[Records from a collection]
==*==

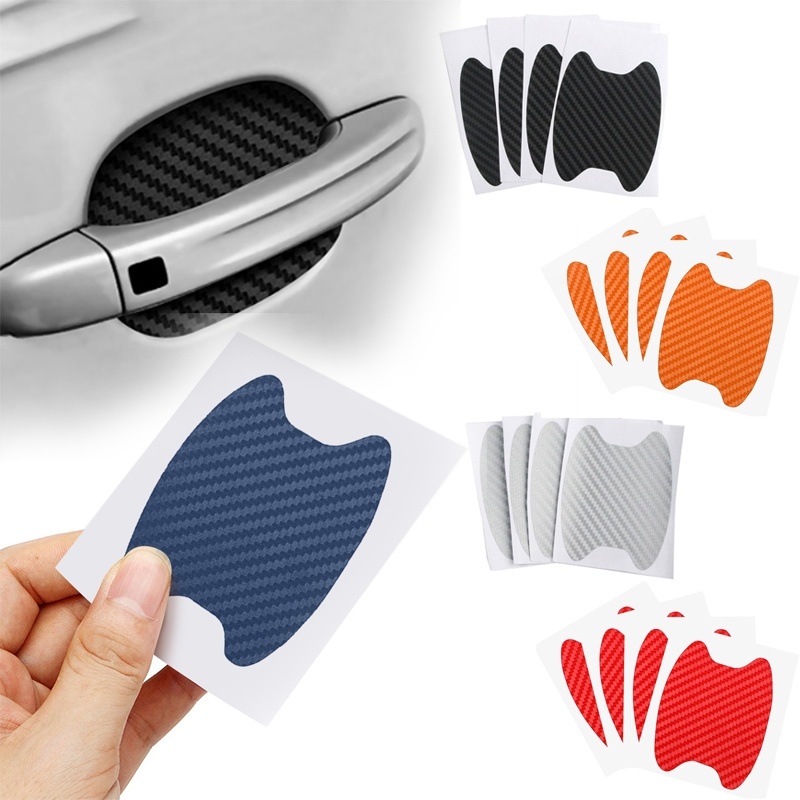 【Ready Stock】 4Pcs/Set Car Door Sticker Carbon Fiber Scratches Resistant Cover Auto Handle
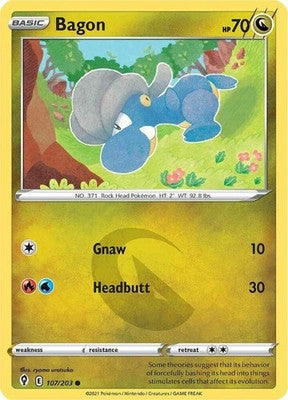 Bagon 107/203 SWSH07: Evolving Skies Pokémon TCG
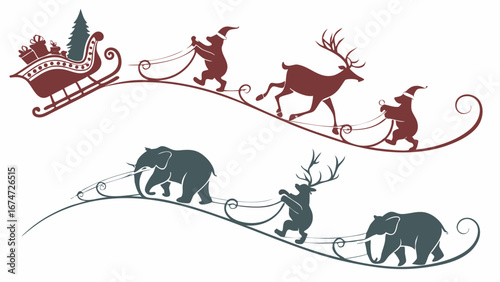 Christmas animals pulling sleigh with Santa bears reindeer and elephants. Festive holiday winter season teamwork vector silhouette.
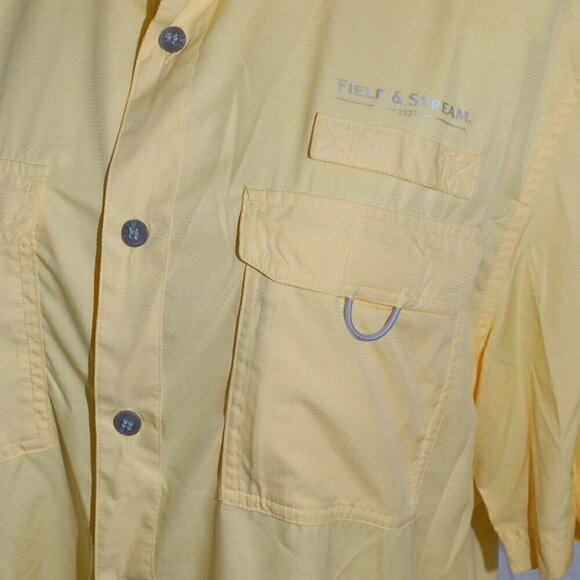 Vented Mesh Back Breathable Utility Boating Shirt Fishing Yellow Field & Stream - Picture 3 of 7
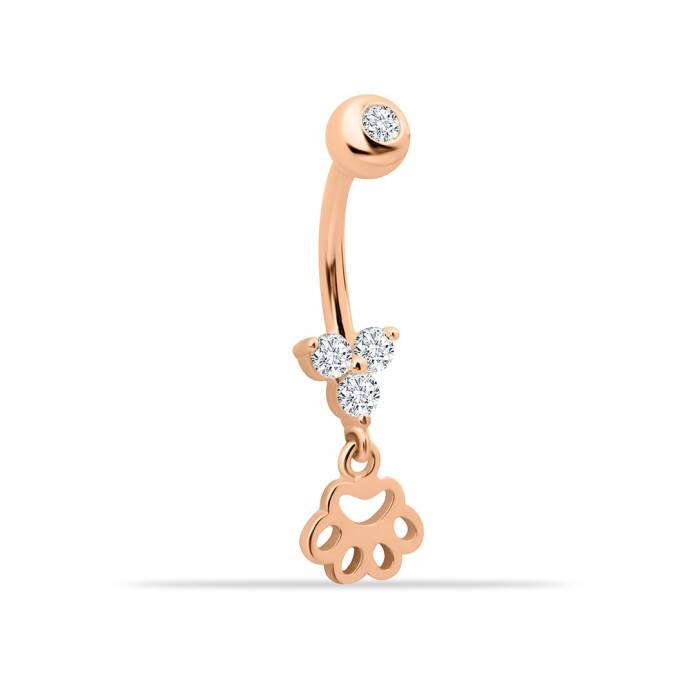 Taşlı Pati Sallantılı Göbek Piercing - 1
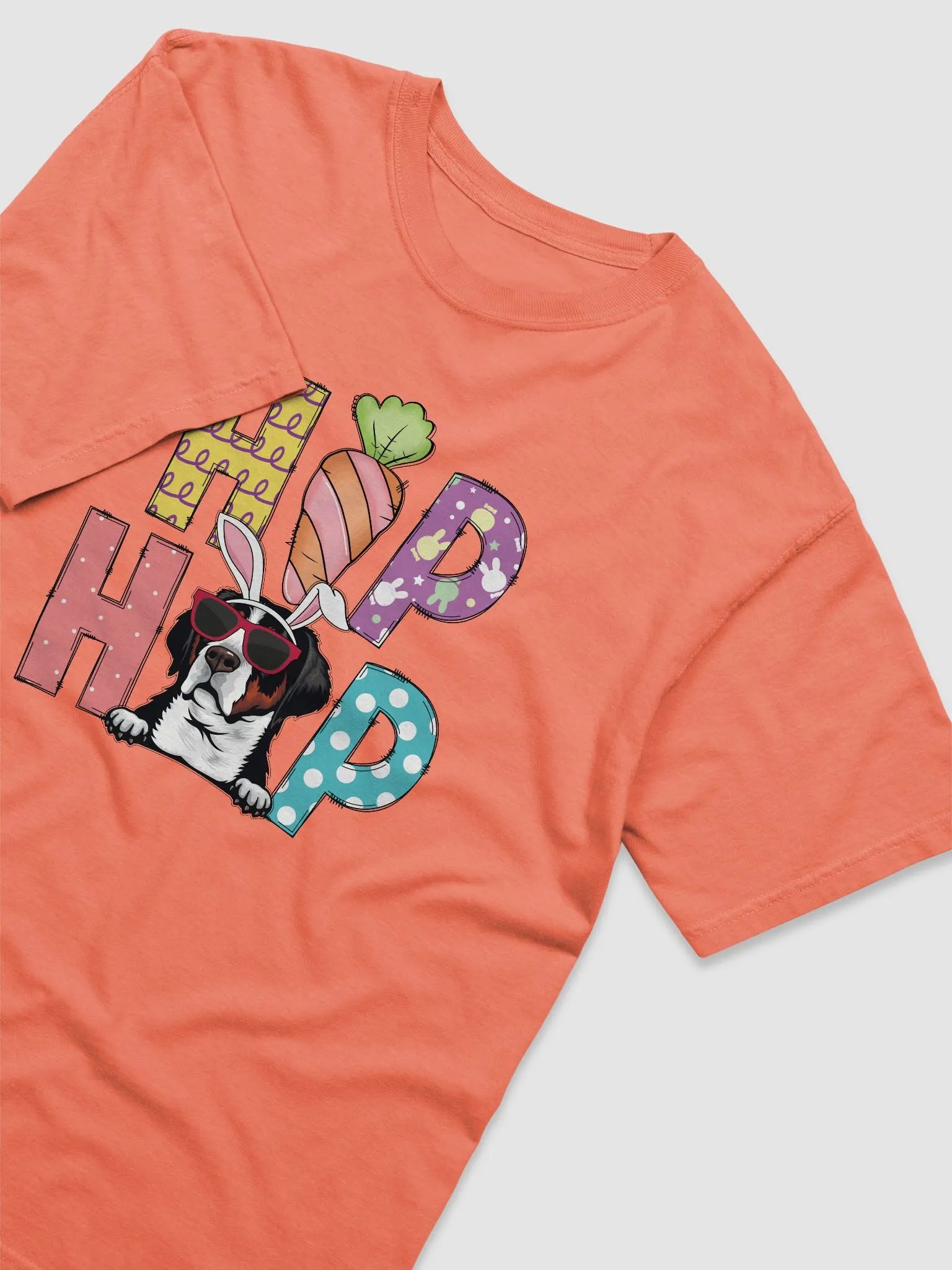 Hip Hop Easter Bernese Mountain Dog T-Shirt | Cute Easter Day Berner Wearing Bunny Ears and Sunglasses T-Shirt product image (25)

==*==

** ACTIVITY **
Nothing but the lines from the one containing "Bagon 107/203 SWSH07: Evolving" through the last line of the data should appear in the answer, copied exactly, with pictures excluded.

** SOLUTION **
 Bagon 107/203 SWSH07: Evolving Skies Pokémon TCG
 Christmas animals pulling sleigh with Santa bears reindeer and elephants. Festive holiday winter season teamwork vector silhouette.
 Vented Mesh Back Breathable Utility Boating Shirt Fishing Yellow Field & Stream - Picture 3 of 7
 Taşlı Pati Sallantılı Göbek Piercing - 1
 Hip Hop Easter Bernese Mountain Dog T-Shirt | Cute Easter Day Berner Wearing Bunny Ears and Sunglasses T-Shirt product image (25)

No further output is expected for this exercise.